● **Directions for this task**
Repeat the lines from the line with "[Royal Jewelry]SERPENTI BRACELET" to the line with "Menu di Il Fondo" in the listing below, keeping both end lines and adding nothing.
-- Study material follows --
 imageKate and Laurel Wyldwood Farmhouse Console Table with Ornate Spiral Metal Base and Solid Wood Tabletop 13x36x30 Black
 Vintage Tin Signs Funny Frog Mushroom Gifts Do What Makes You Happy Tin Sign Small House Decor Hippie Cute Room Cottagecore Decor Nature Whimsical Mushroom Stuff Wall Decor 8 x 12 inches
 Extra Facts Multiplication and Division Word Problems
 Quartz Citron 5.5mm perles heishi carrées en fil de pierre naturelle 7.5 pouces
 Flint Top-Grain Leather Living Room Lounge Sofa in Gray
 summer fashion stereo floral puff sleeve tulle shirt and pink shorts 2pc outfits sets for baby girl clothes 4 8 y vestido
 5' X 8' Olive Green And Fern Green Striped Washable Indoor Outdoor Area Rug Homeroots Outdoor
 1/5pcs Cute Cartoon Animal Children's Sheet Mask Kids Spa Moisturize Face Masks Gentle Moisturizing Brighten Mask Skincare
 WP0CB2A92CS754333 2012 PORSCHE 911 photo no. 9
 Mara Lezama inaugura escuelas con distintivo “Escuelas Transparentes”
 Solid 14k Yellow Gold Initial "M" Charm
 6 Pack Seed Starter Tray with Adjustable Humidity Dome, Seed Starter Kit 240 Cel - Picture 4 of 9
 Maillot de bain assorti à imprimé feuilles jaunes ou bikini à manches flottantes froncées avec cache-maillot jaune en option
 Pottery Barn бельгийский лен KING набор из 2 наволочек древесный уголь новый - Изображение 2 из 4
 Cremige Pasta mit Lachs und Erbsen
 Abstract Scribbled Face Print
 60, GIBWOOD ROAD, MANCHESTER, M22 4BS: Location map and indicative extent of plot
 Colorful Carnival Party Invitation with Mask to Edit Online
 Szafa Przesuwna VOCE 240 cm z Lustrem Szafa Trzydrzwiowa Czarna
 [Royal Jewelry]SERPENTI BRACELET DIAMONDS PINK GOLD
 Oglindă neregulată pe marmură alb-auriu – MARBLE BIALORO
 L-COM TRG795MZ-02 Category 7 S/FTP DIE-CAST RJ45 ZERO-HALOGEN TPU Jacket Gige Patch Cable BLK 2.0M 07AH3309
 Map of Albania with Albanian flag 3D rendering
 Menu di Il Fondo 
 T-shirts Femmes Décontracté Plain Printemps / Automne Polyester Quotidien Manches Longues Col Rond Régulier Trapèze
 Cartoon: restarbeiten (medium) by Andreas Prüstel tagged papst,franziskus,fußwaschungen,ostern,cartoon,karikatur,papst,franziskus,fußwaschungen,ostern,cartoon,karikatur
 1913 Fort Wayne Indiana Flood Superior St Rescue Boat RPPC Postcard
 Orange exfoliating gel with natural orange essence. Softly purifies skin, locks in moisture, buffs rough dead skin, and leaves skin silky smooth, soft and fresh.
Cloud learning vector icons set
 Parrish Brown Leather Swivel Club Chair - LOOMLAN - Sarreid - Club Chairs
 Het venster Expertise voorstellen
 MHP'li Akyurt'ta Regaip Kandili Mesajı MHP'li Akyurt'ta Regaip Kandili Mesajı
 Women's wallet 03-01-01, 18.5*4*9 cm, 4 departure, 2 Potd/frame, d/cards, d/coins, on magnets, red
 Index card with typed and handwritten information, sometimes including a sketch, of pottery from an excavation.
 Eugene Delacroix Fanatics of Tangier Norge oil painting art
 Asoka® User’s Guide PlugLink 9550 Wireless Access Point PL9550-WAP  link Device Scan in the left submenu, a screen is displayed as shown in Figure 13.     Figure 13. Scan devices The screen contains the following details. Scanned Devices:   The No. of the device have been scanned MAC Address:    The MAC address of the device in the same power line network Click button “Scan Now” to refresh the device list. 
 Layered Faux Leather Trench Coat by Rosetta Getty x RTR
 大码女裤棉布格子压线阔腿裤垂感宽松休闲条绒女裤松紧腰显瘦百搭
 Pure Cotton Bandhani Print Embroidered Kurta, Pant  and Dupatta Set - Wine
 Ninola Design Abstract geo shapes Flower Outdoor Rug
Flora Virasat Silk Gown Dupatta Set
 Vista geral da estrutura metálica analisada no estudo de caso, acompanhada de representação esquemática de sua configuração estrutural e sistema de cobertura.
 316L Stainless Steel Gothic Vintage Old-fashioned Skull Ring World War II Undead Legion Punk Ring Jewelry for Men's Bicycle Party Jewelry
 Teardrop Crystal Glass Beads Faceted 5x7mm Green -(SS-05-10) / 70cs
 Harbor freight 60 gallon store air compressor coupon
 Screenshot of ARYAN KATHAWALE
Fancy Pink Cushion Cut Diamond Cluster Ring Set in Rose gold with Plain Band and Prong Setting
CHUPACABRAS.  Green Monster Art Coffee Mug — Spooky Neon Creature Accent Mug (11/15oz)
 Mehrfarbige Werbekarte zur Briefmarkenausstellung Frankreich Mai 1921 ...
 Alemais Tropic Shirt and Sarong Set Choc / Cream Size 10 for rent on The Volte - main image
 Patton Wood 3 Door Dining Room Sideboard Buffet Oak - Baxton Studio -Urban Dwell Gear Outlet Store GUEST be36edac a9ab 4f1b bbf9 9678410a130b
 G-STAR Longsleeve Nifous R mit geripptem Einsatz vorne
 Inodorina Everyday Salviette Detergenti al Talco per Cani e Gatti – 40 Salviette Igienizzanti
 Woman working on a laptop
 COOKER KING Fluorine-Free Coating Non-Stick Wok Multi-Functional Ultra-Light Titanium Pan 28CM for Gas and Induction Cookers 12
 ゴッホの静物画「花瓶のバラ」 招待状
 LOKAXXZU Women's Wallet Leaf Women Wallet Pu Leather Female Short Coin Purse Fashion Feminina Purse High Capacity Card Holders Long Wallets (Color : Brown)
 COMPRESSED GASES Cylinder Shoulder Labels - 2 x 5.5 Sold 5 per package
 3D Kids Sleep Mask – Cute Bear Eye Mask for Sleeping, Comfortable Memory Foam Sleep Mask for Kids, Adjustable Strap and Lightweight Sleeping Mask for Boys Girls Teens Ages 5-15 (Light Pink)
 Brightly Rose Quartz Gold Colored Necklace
-- Study material concluded --
● **Result of the exercise**
 [Royal Jewelry]SERPENTI BRACELET DIAMONDS PINK GOLD
 Oglindă neregulată pe marmură alb-auriu – MARBLE BIALORO
 L-COM TRG795MZ-02 Category 7 S/FTP DIE-CAST RJ45 ZERO-HALOGEN TPU Jacket Gige Patch Cable BLK 2.0M 07AH3309
 Map of Albania with Albanian flag 3D rendering
 Menu di Il Fondo 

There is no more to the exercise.